- Data for this exercise:
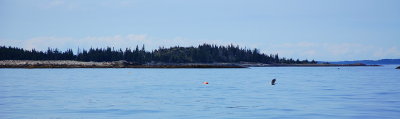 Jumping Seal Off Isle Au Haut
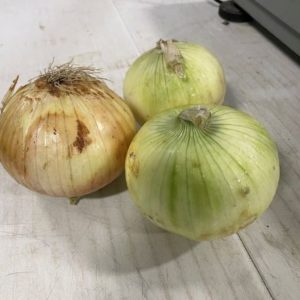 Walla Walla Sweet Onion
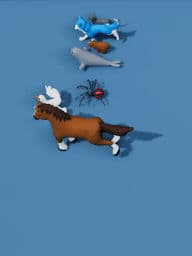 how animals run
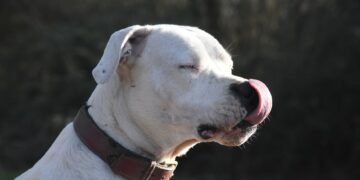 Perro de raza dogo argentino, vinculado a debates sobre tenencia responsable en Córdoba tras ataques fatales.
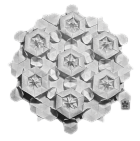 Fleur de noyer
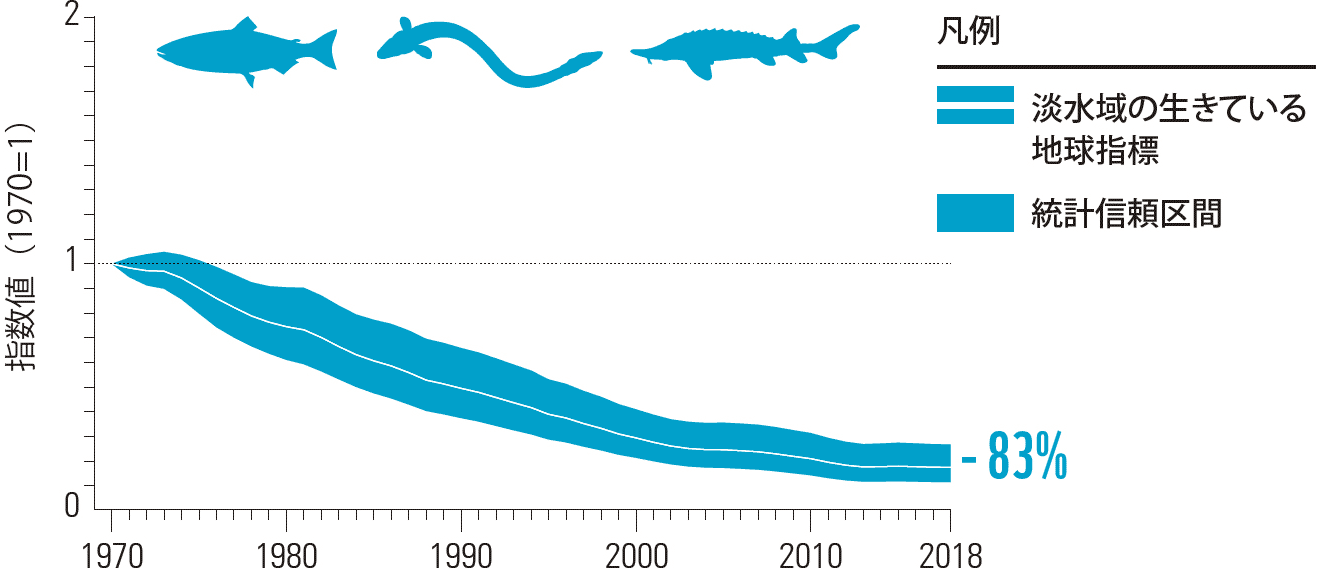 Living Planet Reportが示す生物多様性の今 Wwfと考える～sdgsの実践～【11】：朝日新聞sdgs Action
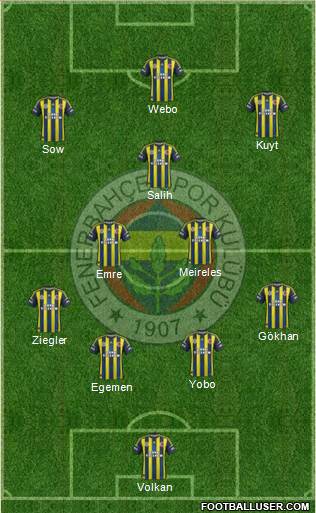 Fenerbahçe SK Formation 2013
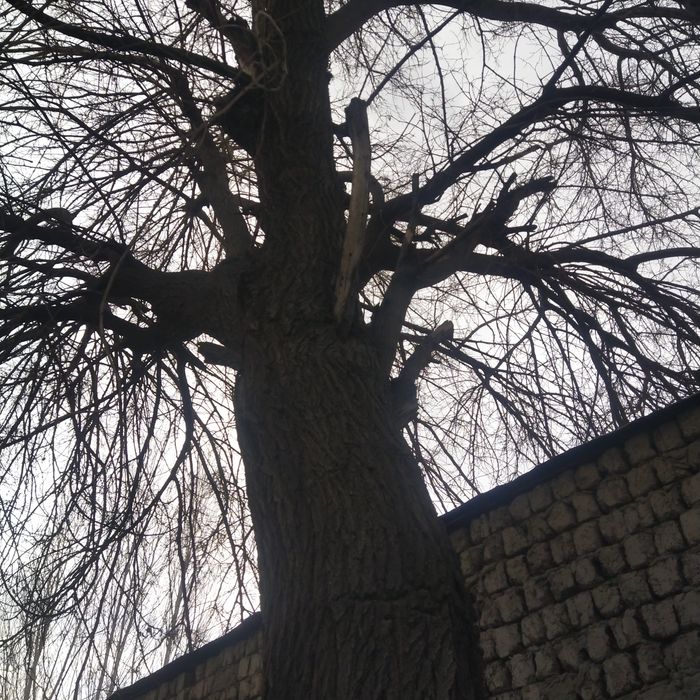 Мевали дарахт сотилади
...
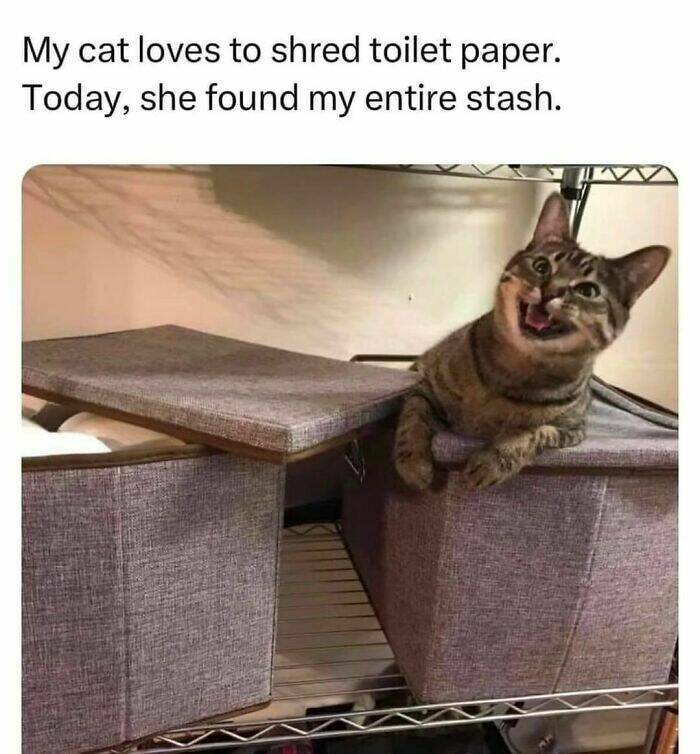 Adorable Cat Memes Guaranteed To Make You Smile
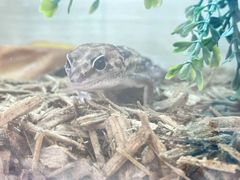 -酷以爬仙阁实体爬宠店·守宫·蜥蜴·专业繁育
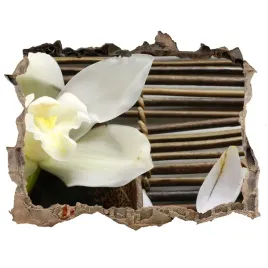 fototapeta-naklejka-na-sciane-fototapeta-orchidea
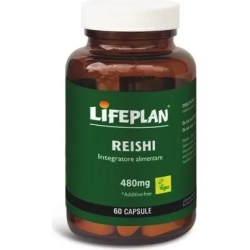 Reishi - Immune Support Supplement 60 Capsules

- Activity: Beginning with the line above that contains "Perro de raza" and ending with the line that contains "Мевали дарахт сотилади", quote each line exactly, keeping out the pictures.

- Expected output:
 Perro de raza dogo argentino, vinculado a debates sobre tenencia responsable en Córdoba tras ataques fatales.
 Fleur de noyer
 Living Planet Reportが示す生物多様性の今 Wwfと考える～sdgsの実践～【11】：朝日新聞sdgs Action
 Fenerbahçe SK Formation 2013
 Мевали дарахт сотилади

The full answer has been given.